New York City’s 59 Community Boards (CBs) are our beloved city’s most locally-focused government agencies. The boards, which consist of community members appointed by local elected officials, as well as three to six operational staff led by a district manager, perform a number of functions related to land use, capital budgeting and evaluating the efficacy of city service delivery.

BetaNYC, a leading civic technology organization in New York City, has been providing CBs technology tools and training for years. During that time they methodically documented the various technology needs they heard from CB members and staff and turned it into a detailed list of the features CBs wanted in an information management tool set. When an opportunity arose in 2019 to present a toolset to CBs, BetaNYC worked with Sarapis to figure out the best path forward.

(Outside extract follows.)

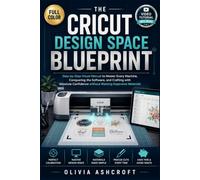 THE CRICUT DESIGN SPACE BLUEPRINT: Step-by-Step Visual Manual to Master Every Machine, Conquering the Software, and Crafting with Absolute Confidence without Wasting Expensive Materials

We evaluated the notes, spoke with BetaNYC’s team and CB stakeholders, and studied how CBs are currently meeting their own needs with a smattering of spreadsheets, documents and paper systems. The main impression we got was that CBs wanted more powerful tools, but they didn’t want to sacrifice their unique workflows, data structures and methods of doing business. It quickly became apparent that they wanted the flexibility of a spreadsheet with the power of a custom-built database. A perfect use case for DIY database technologies!

As such, we proposed a multi-phase approach where we first build a custom database backend “with” (instead of “for”) each CB, then work with them to design an appropriate interface for their database. We’d knit the database to the interface to create a working prototype, and then, if the prototypes were appealing, consider implementing them into a standardized open source software platform.

For the first phase of work, we documented how each of the 15 CBs that signed up for the program was collecting information related to constituent issue tracking and contacts. We then listed each field of data they collected and how the CBs grouped those fields together. We analyzed the similarities, merged the same fields together and gave each data field a popularity ranking. These became the fields where then implemented in Airtable and turning into a template that each of the CBs could use as they like.

Our initial analysis resulted in a mapping out over 650 fields into about 20 data tables. With deeper analysis and active collaboration with BetaNYC and CBs, we whittled that down into a functional Airtable template of 9 tables and approximately 300 fields. We deployed this template for our CB partners by importing their existing data resources into it, and then training them, one by one, to use it.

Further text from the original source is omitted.